• [Aim of the exercise]:
The entries follow. Copy every line in which "Ocypus" appears.

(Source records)
-------------------------
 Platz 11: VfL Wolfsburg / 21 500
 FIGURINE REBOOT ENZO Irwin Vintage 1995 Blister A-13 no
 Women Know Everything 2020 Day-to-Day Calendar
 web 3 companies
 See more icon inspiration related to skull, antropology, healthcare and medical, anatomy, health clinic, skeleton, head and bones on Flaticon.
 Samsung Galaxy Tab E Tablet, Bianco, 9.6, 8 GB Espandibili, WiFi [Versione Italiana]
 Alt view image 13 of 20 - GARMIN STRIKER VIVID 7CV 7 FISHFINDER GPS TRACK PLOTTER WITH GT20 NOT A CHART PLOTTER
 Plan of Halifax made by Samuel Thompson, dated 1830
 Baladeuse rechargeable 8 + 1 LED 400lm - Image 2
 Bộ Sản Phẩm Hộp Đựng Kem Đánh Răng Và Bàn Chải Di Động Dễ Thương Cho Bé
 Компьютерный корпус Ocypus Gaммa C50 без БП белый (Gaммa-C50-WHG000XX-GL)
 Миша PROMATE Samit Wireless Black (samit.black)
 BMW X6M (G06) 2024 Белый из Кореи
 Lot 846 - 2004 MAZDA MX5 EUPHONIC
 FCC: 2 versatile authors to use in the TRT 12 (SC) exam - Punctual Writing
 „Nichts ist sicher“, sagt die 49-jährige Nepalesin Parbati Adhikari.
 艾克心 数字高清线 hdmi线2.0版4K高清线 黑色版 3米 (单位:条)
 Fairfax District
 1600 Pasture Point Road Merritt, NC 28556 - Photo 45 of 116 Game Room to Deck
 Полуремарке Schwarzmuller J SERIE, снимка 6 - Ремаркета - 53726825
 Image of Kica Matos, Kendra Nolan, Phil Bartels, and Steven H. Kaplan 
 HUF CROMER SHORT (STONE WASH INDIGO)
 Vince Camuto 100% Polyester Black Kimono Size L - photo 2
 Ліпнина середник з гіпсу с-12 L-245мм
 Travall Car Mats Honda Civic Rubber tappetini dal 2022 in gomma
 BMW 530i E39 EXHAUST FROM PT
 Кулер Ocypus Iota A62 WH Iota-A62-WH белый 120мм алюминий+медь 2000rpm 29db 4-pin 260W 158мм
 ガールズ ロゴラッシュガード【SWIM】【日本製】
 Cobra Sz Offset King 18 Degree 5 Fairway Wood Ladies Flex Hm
-------------------------
• [Answer section]:
 Компьютерный корпус Ocypus Gaммa C50 без БП белый (Gaммa-C50-WHG000XX-GL)
 Кулер Ocypus Iota A62 WH Iota-A62-WH белый 120мм алюминий+медь 2000rpm 29db 4-pin 260W 158мм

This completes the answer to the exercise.